Mde de Sauvigni nous a envoyés tous les mémoires sur l'affaire de Mde de Goeman excepté le premier de M. de Beaumarchais, auquel nous avons grand regret. Ses deux derniers nous ont fait pâmer de rire, et nous ne concevons pas comment mrs les comissaires ont pu conserver leur gravité aux conversations du recolement. Mde Sauvigni parle douloureusement de cette affaire, sans nous en apprendre la suite, que nous voudrions bien savoir. On m'a assuré que Beaumarchais et Bertrand s'étaient battus et que ce dernier avait reçu un coup d'épée dans la cuisse, ce qui dit on a surpris tout Paris, Beaumarchais ne passant pas pour brave et Bertrand ayant remporté plusieurs prix dans les sales d'armes, mais un fleuret et une épée sons deux choses très différentes. Je vais renvoyer tous ces mémoires à Mde de Sauvigni, mais ce que je ne luy renverrai pas, c'est sa lettre, une phrase qu'elle contient nous la rend trop chère. J'ai reçeu nous dit elle depuis quelque temps plusieurs lettres de Monsieur de Voltaire, dans lesquelles il me parle en père tendre de vous deux. Vous ne vous contentés pas notre cher oncle de nous aimer, de nous le dire, vous avés la bonté de l'apprendre à nos amis communs. Cette nouvelle assurance de vos sentiments aussi glorieuse que chère à nos coeurs, a fait éprouver au cher serin une joie vive, tendre, pure, qui a augmenté celle que j'ay moy même ressentie. En vérité notre aimable oncle nous serions bien en peine de dire quel est en nous le sentiment le plus vif le plus fort, celuy de l'admiration, ou celuy de la tendresse. Quand pourrons nous vous le dire nous même?
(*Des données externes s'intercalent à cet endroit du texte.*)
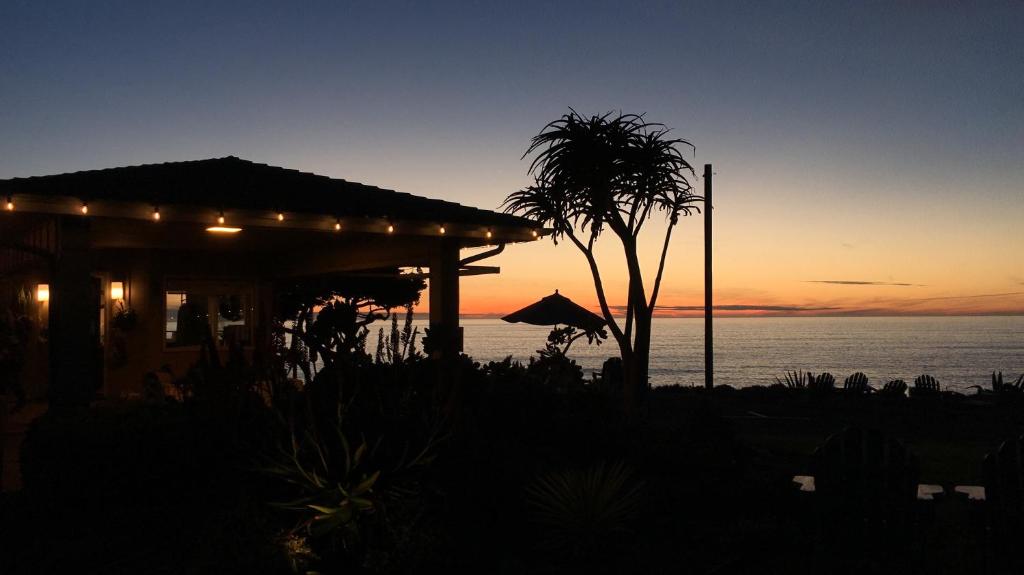 View, Cambria Shores Inn in Cambria (CA)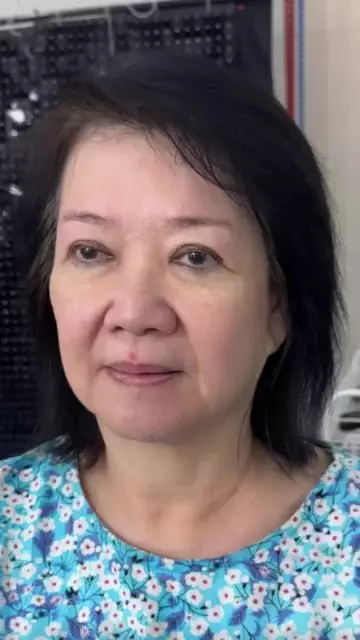 wanita paruh baya dirias © Instagram  wanita paruh baya dirias © Instagram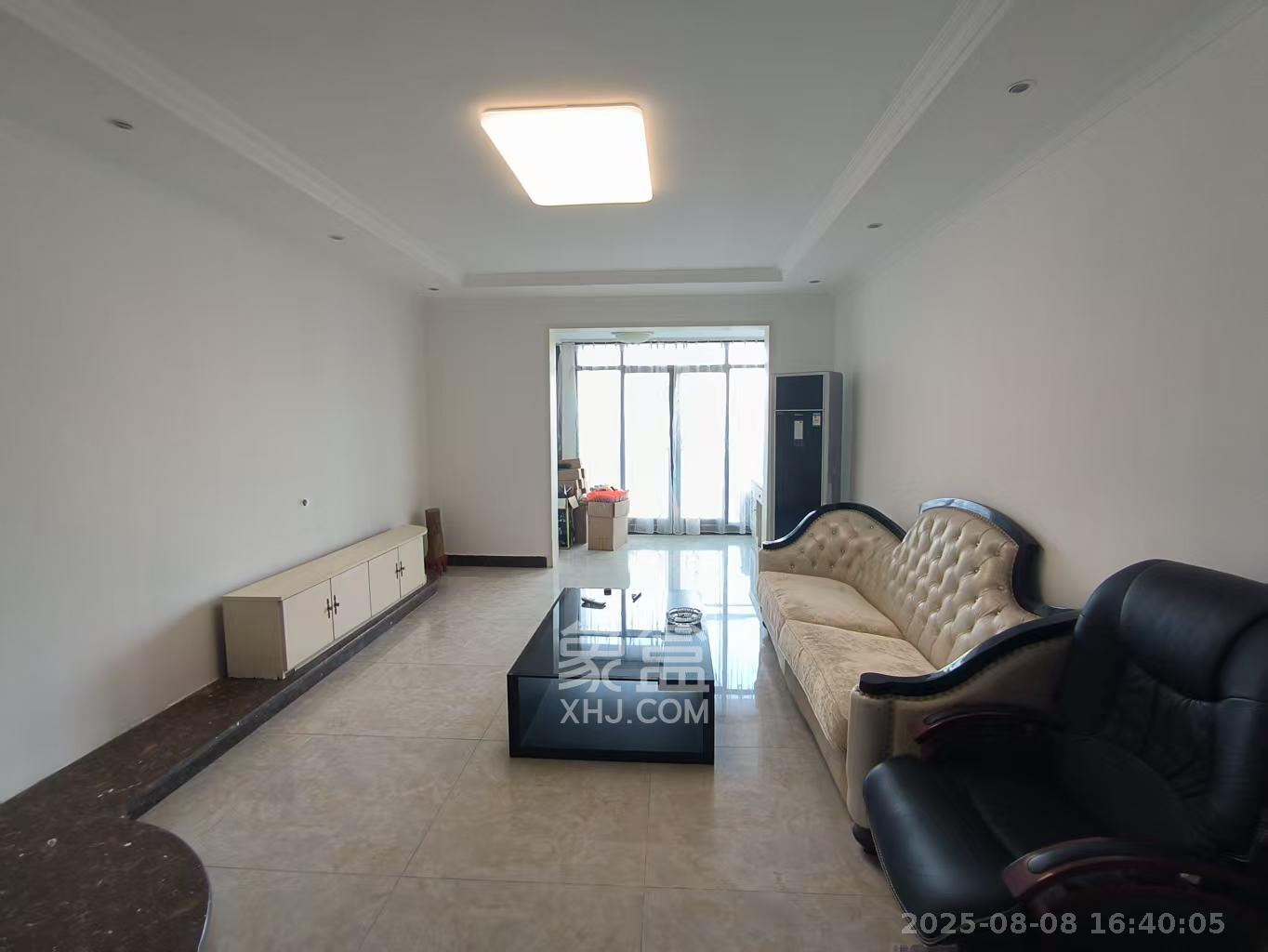 极目楚天  1室2厅2卫    2800.0元/月 极目楚天  1室2厅2卫    2800.0元/月室内图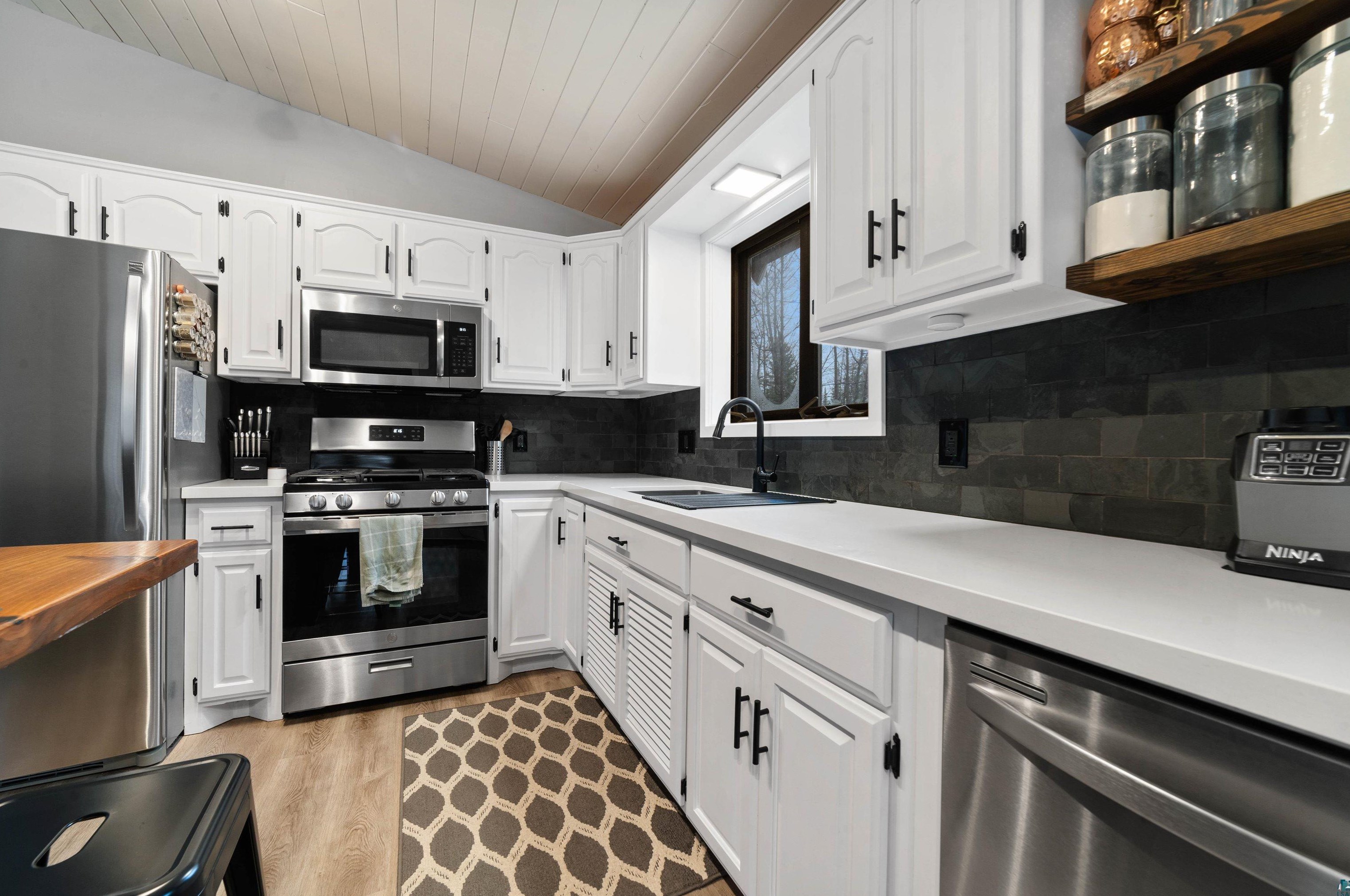 5270 Wilderness Trl, Duluth MN  exterior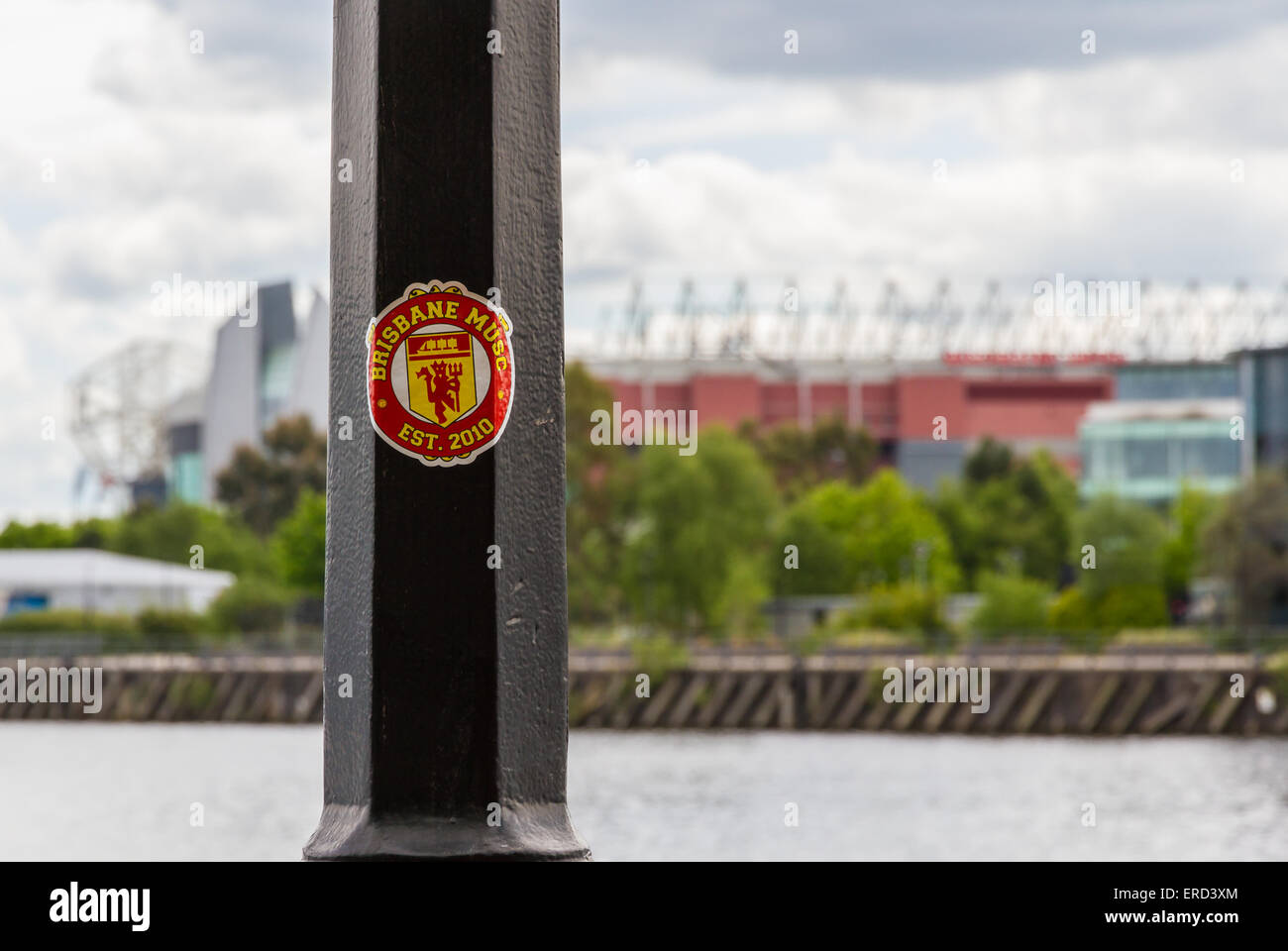 Brisbane MUSC, Manchester United Supporters Club Aufkleber auf einem Laternenpfahl vor Old Trafford Stockfoto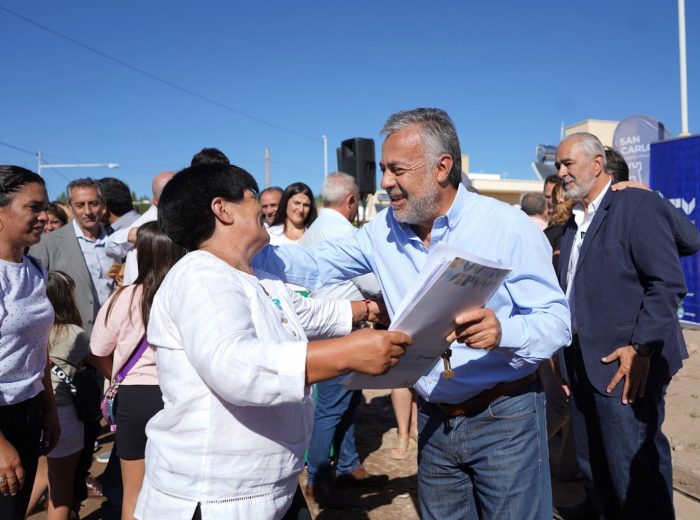 Con la presencia del Gobernador, entregaron 31 viviendas en San Carlos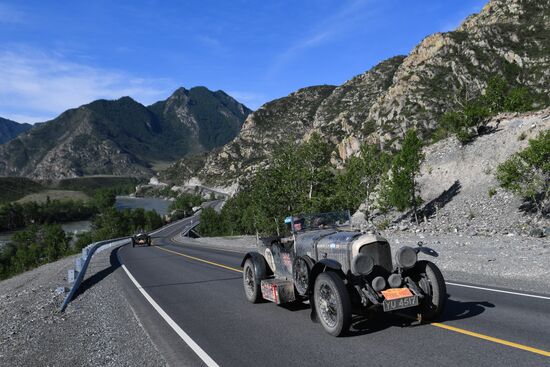 Ралли на ретроавтомобилях Пекин-Париж 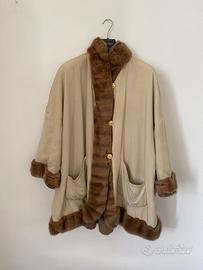 Cappotto 3/4 a ruota bordi in visone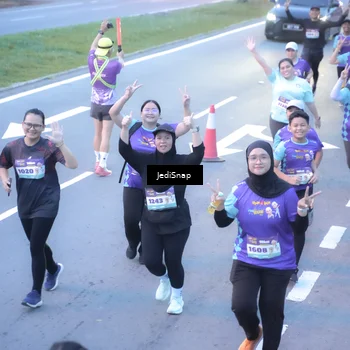 Runner Photo 8245952
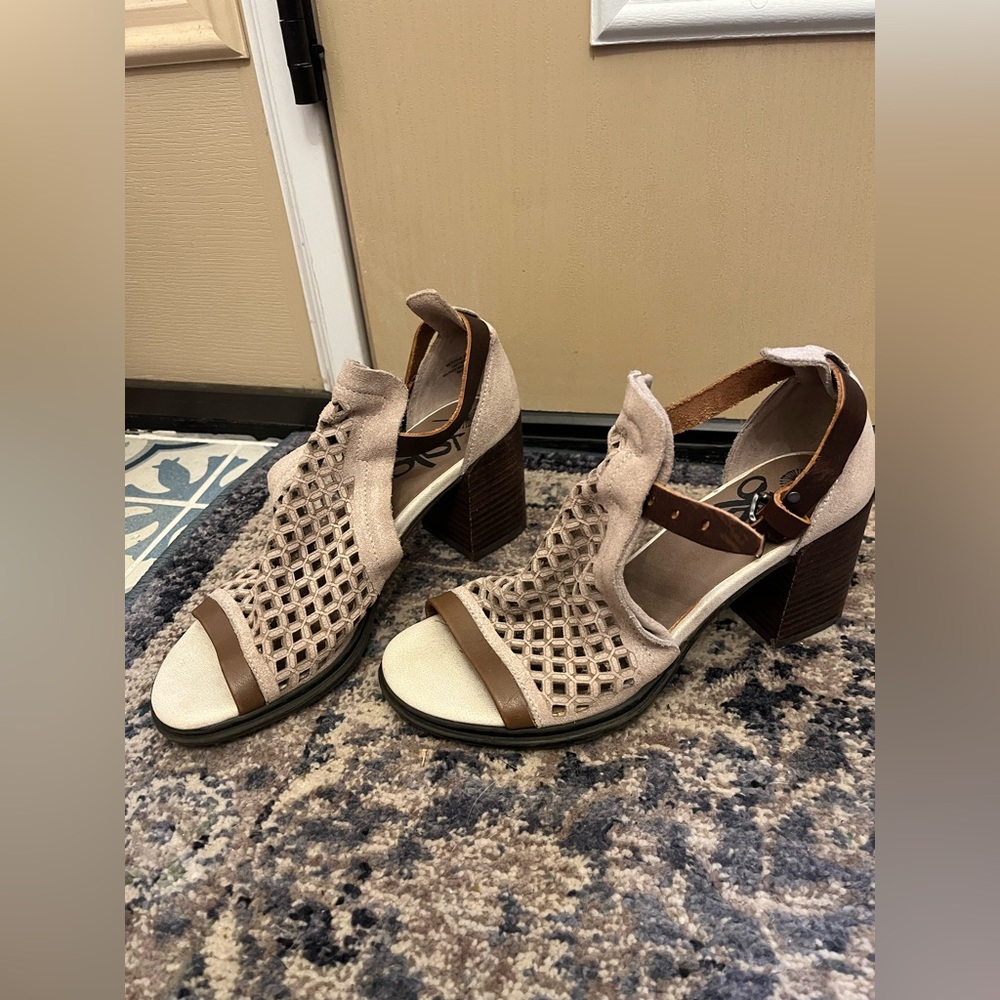 OTBT open toes heels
Je reçois dans ce moment mon très cher oncle la dernière que vous avés eu la bonté de m'écrire le 22. Les papiers cy joints répondront à la lettre de mr d'Etalonde, lequel Detalonde vous écrit sans doute sur les premiers bruits qui coururent au commencement de cette cruelle et odieuse affaire, qui véritablement chargeait un peu m. de Belleval attendu une querelle qu'il avait eue avec le cher de Labarre. D'Etalonde n'a rien sçeu depuis, il part de son premier mouvement. J'espère que la lettre de m. Detalonde ne nuira pas à messire de Belleval, lequel malgré sa charge est véritablement gentilhomme.
M. de la Mure ici présent vous remercie de la bonne opinion que vous avés de luy. Il faira son possible pour vous rendre votre serin en bonne santé. Bon jour notre aimable oncle, nos premiers voeux sont pour la durée de vos jours, ils nous sont si chers, les secondes sont pour nous.